День полз Хонь, ночь. Пальцы его сточились, а губы устали изрыгать ругательства. Но не останавливался он, ни глоток воды сделать, ни кусок хлеба откусить. Страшный и темный, полз кровавый Хонь, в шкуре медведя, содранной с живого зверя, и ничто не могло его остановить.
— Остановись, Хонь! — приказала ему маленькая девочка в белом кружевном платье, легком, как перо забытого уже Ангела. Страшен был Хонь, но девочка был страшнее.
— Остановись, старый, безногий, кровавый и страшный Хонь, — свинцовым словом обрушила небо девочка. — Остановись, ибо дальше тебе ходу нет! Остановись, ибо плата твоя будет страшна, страшнее чем ты, Хонь, и страшнее, чем Я. Остановись, пока не поздно, и вернись! Вернись, ужасный, злой, невозможный и прекрасный Хонь! Сделай шаг назад!
— Я умею ходить только вперед, — устало прошептал Хонь. — Только вперед, и никак иначе!
— Тогда глаза твои, синие, восхитительные, небесные глаза я забираю себе Хонь! Иди, если увидишь куда! — прокричала девочка. И вырвала Хоню очи. Страшно закричал Хонь, и забылся.
Очнулся Хонь, когда на лицо ему упала тяжелая капля дождя. Соленым был дождь, как море, как слезы.

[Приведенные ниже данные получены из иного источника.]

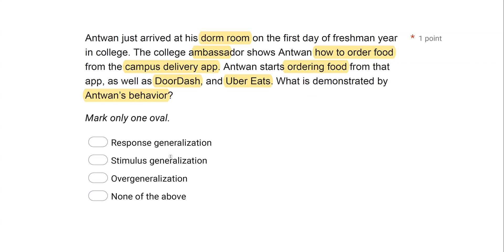Is Antoine response generalizing or stimulus generalizing? With response generalization, we're looking at two or more responses. Here we have a single response — ordering food — so he's generalizing across stimuli: stimulus generalization. With stimulus generalization, you have a single response occurring in the presence of multiple stimuli. When deciding between response and stimulus generalization, ask yourself how many responses you're looking at. If it's two or more, it's likely response generalization. If it's just one response in the presence of many stimuli, it's probably stimulus generalization.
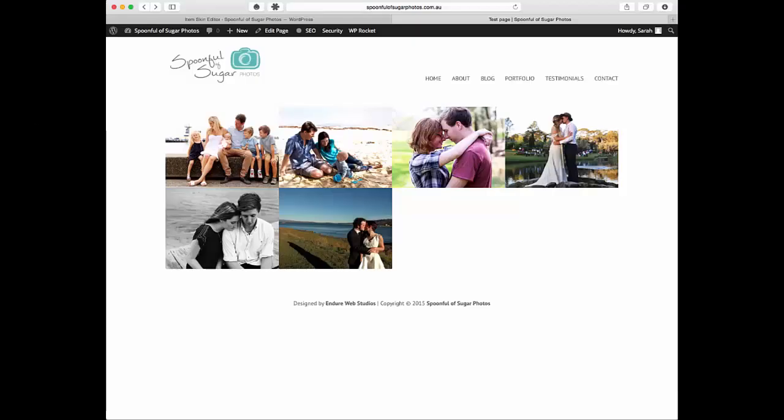Hi, welcome to the Essential Grid tutorials. This is the fifth video in our series on setting up Essential Grid for your WordPress site. My name is Sarah Oates from Endure Web Studios.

Плакал мир, рыдал, орошал влагой землю, и тихо дрожали на деревьях иголки и листья. Хонь, жалкий и мокрый, лежал в грязи, и ловил ртом воду, вечную благодать. А потом Хонь пополз, на ощупь, на запах, на чувство.
Цветок был один. На весь мир. Не было в нем ни особенной красоты, ни ярких красок. Густой медовый запах не исходил от него, и не жужжали над цветком пчелы. Он был вечен, но Хонь думал иначе.

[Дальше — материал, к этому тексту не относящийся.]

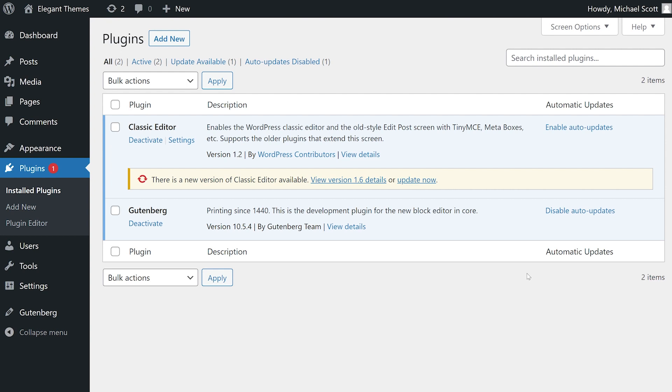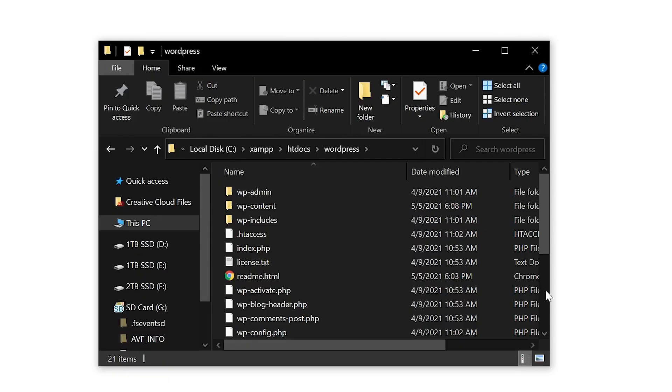Manually updating your plugins though is the way many people handle site management. On the same page you'll see when a plugin needs to be updated. All you have to do is click update now and that's it.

Вкруг цветка стальными колоннами возвышались Ангел, Дьявол и Смерть. Каждый из них думал о чем-то своем, и лишь Смерть подбрасывала в правой руке два синих сапфира: это были глаза Хоня. Каждый из стоявших что-то забрал у этого странного, страшного человека, неумолимо ползущего к ним, но ни один из них не смог остановить Хоня.
— Почему ты не забрала у него жизнь? — спросил у Смерти Ангел. — Ведь могла же, могла!
— Нельзя забрать то, чего нет, — ответила ему девочка в белом платье, играя сапфирами. — Как ты думаешь, почему он, — Смерть ткнула пальцем в мрачно внимающего их разговору Дьявола, — почему он, такой могучий, и такой страшный, не забрал у Хоня душу? Все очень просто — их у него нет. Ни души, ни жизни. Они увяли, рассыпались, умерли, пустым семенем упали на землю. Нельзя отнять то, чего нет, а может, никогда и не было, — девочка вглядывалась вдаль. Хонь медленно, словно плуг, полз по земле, оставляя за собой глубокую борону.
— Но зачем, зачем он это делает? — прошипел Ангел. — Зачем он столько потерял, почему так стремиться сюда?
— Не знаю, — пожала плечами Смерть. — Я ведь не Б-г. Да и вы оба — тоже.
— Но мы не можем его остановить! — обреченной чайкой крикнул Ангел. — Что же теперь делать?
— Ждать, — поежилась Смерть. И уставилась на приближавшегося Хоня.
Хонь чувствовал их, ощущал всем выжженным телом, как сверлят в нем дыры глаза трех незримых стражей. Они стояли и смотрели, как Хонь, оставляя за собой кровавый след, страшный Хонь, с огромными гнойниками вместо глаз, в содранной с живого медведя шкуре, без ног, старый и немощный, Хонь, 33 лет от роду, и полувека наказанья, Хонь, на которого оборачивались девушки, а теперь побоялся бы смотреть и слепой, как Хонь, неумолимый и беспощадный, сорвал цветок. Сорвал — и прижал к груди. Хонь, мертвый Хонь, лежал и улыбался звездам. Чему — не знали даже Стражи, склонившиеся над ним. Ведь, вопреки всеобщему мнению, быть всемогущим практически невозможно.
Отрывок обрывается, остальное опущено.